And so, our plane took off at 6 p.m.– a 7 hour flight across 5 time zones and one Atlantic ocean. As faith would have it, the two people sitting next to me were also headed to AUI. Thomas, a graduate student was returning for his second semester and Sasha was doing her first study abroad semester.

When we arrived at Casablanca at around 6 a.m. (1 a.m. Eastern Time) Sasha and I decided to stick together since we both had the same flight to Fes at 10:35 p.m. later that night. We bought a train ticket for 40 dirhams (around $5) to get closer to the center of Casablanca which conveniently departed from within the airport.  We planned on booking a hotel for the afternoon so that we could do some quick sight-seeing before heading back to the airport.

The train station at the airport.

Most people here speak Moroccan Darija, which is a combination of Arabic and French with some words in Berber, Spanish and English. Surprisingly I managed to communicate with our taxi driver– he spoke French and I spoke Spanish but I added ‘eh’ at the end of every word to make it sound a little more French.

Once at the hotel, we had a complementary breakfast of bread, yogurt, and my first delicious encounter with a staple of Moroccan cuisine — Moroccan Mint tea.  Up until this point, I can’t say I had experienced culture shock, but as Sasha and I waited for the elevator to head back to our room, I had my first experience of culture shock.
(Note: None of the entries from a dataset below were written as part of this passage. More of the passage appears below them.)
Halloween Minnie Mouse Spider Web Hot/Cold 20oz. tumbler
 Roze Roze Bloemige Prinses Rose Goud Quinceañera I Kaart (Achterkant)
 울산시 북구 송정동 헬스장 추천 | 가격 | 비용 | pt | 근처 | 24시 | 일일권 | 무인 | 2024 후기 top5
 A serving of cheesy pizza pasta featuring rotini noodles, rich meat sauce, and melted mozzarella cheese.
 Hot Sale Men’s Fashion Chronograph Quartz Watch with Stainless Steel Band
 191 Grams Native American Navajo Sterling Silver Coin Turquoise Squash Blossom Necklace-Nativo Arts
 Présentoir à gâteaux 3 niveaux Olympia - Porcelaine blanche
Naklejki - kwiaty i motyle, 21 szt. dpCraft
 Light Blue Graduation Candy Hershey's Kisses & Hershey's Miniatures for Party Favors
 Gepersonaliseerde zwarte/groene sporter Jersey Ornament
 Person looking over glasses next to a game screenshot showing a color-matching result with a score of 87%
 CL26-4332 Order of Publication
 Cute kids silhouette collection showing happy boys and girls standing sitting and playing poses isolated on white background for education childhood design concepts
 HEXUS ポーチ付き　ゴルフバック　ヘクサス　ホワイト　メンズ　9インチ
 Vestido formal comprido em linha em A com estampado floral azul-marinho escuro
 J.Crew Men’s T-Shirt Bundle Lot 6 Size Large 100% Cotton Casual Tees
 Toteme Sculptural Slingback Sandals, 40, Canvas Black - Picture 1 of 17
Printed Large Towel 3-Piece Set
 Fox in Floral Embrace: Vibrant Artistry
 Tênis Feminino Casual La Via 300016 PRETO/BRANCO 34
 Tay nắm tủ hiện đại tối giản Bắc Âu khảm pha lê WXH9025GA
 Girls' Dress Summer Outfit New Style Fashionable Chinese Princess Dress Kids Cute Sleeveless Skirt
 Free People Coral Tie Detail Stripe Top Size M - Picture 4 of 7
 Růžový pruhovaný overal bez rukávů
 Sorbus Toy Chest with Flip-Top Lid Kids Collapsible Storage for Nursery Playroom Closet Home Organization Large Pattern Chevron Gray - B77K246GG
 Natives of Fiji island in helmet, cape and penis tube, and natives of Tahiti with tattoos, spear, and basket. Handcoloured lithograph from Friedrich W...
Culture shock in the sense that my core, the foundation that I felt was stable enough to endure anything, was literally shaken and crumbled underneath my weight.

A dark, ghastly figured appeared from the corner of my eyes as she walked down the stairs behind her husband. She was completely covered in black cloth– not a square inch of skin exposed. I thought I was prepared– the streets, the crowd, the traffic, was nothing unlike what you would find in any major city in a developing country. But nothing in my life could have prepared me for that moment: the first time I saw a woman in a burqa. It was right then and there that it finally hit me — I am in Morocco.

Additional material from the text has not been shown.